The LG G Watch runs on a Qualcomm MSM8226 with an Adreno 305 GPU. The original Half-Life isn’t multi-threaded in any fashion, so the game is running effectively on a single-core Cortex-A7 CPU and a DX9-class GPU. Then again, that’s a much higher clock speed than when the game shipped, while the feature set on Adreno 305 is higher than what Half-Life supported at release. As you might expect, this is entirely a proof-of-concept — it’s almost impossible to actually play Half-Life on a 1.65-inch screen, even if the game is running in a touch-responsive wrapper.

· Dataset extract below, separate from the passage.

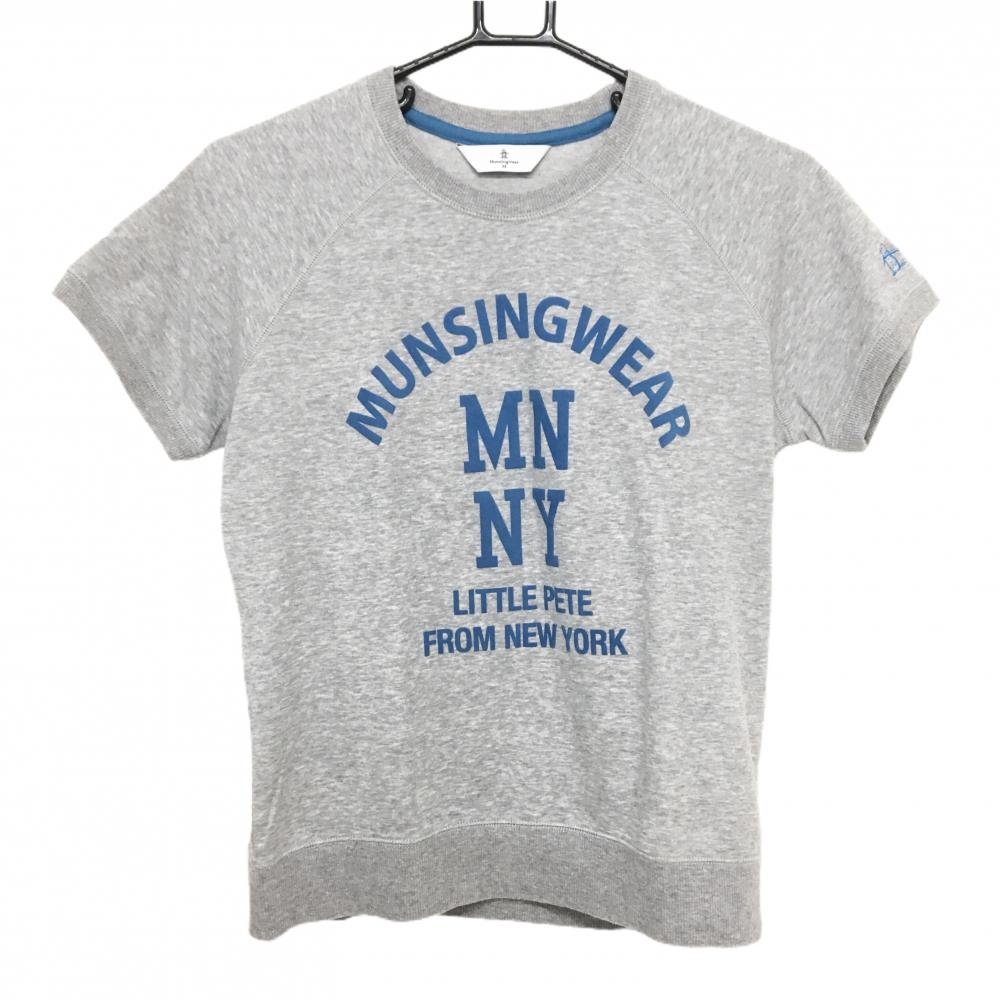 【美品】マンシングウェア 半袖トレーナー 杢グレー×ブルー フロッキープリント レディース M ゴルフウェア Munsingwear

This hack is made possible by the SDLash application, which emulates the GoldSource engine. GoldSource is the original Half-Life engine and dates back to the original Quake (albeit in a heavily modified form). The usefulness of such a hack is questionable, since few people are going to try to play a game on a smartwatch; the heat and power requirements would likely drain the battery and burn your wrist at the same time. The frame rate also chugs in places, from a high of 46 FPS to as low as 2 FPS depending on what’s going on in-game. There are multiple potential causes for the instability, from emulator issues to throttling of the smartwatch itself, to underpowered hardware.

Then again, the point is that this is frickin’ Half-Life running on a device that fits on your wrist. Give wearables another few tech generations, and the devices that debut on 14nm or 10nm technology in the future could probably run the game, no problem. Then again, this assumes you’d ever actually want to — controlling Gordon Freeman on a 1.65-inch screen doesn’t sound like actual fun.

Still, as a gamer who was thrilled by the original Half-Life on my K6-233 and 8MB Voodoo 2, seeing it running on a device you wear is pretty incredible, even if it makes me feel about 80 years old.